When the government in Havana proposed wide-ranging changes to the economy in 2008, for example, exhaustive discussions were held in local community organisations, professional bodies, trade unions, women’s organisations, student bodies and workplace meetings.
These discussions generated 1.3 million proposals, many of which were incorporated into the final decisions.
What British chancellor has even entered discussions with his own government, let alone the broad mass of people before laying down the Budget in Parliament?
When were local communities and mass organisations ever consulted on the government’s economic proposals here in Britain?
Many commentators seem to assume that a complete change in relations between the US and Cuba is imminent.
They may be right.
But while Obama has the power to vary aspects of the aggressive policies imposed on Cuba, he will need the backing of Congress to remove the most pernicious structures that underpin the blockade — the Helms-Burton Act and the Torricelli Act.
It is these two pieces of legislation which are the most oppressive.
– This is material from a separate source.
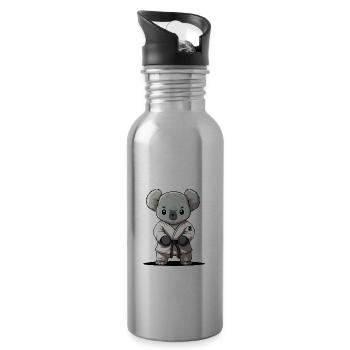 Taekwondo Koala Kid Kämpfer - Trinkflasche mit integriertem Trinkhalm - Lightsilver - Rechts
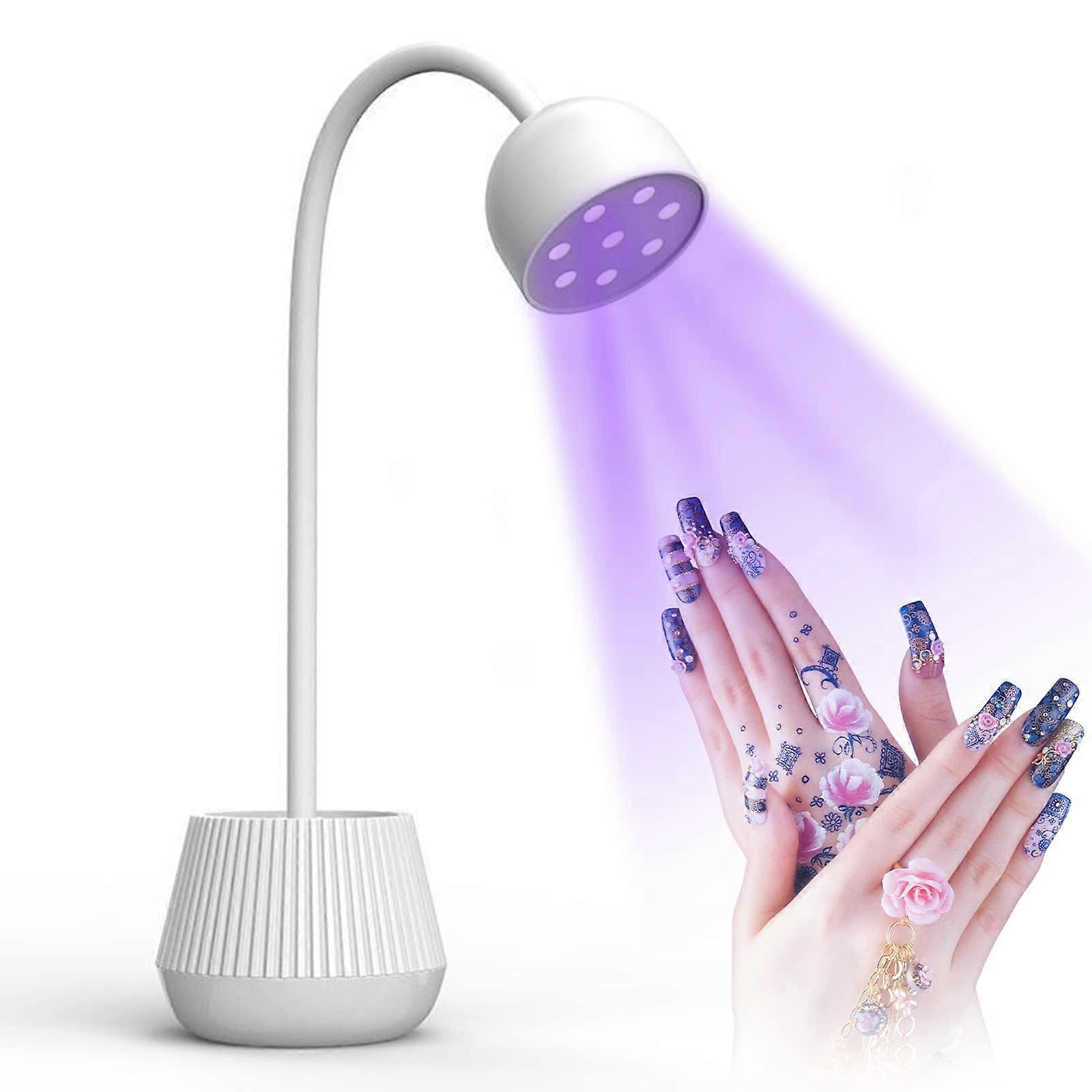 24W UV LED Nail Lamp with 360° Rotatable Hose, USB Gel Nail Dryer for Fast Curing at Home or Salon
They even forbid third-party countries trading with the island or indeed selling any item to Cuba which contains substantial components originating from the US.
Obama needs Congressional backing to repeal these two Acts which are the basis of the blockade.
Florida Senator Marco Rubio complains that Obama’s changes to the status of bilateral relations would be “just another concession to tyranny.”
Rubio may appear alone but his challenge has been echoed by Jeb Bush, the former governor of Florida and a Republican hopeful for the 2016 presidential election.
More politicians have been lining up to attack the modest proposals from the White House. It is no given that Cuba-US relations have radically changed — we need to wait and see.
Opposition to any change in US-Cuba relations is of course intimately connected to a recognition of the role that Cuba has played in respect to Latin America.
What has happened in Venezuela, Bolivia and elsewhere has been made possible as a result of Cuba’s steadfast resistance to prolonged hostility from its neighbour to the north.
One only has to read and listen to the opinions of Bolivian President Evo Morales, Maduro, late Venezuelan president Hugo Chavez and others to appreciate this.
The White House press statement referred to above made clear what the aspirations of the US are: “Today, we are renewing our leadership in the Americas.”
As Hillary Clinton said in her book Hard Choices, Cuba is the “gatekeeper” of Latin America — re-establishing relations with Cuba is key to the White House regaining its lost legitimacy in the continent.
On the left we need a debate about the question of democracy — let’s not allow the bile and prejudice of those who fear that Cuba’s example and values of putting people before profits might influence others to cloud what should be a worthwhile discussion.
The key to a lasting and meaningful change in Cuba-US relations must be based on complete respect for the sovereignty of the other.
The US has yet to prove it accepts that principle.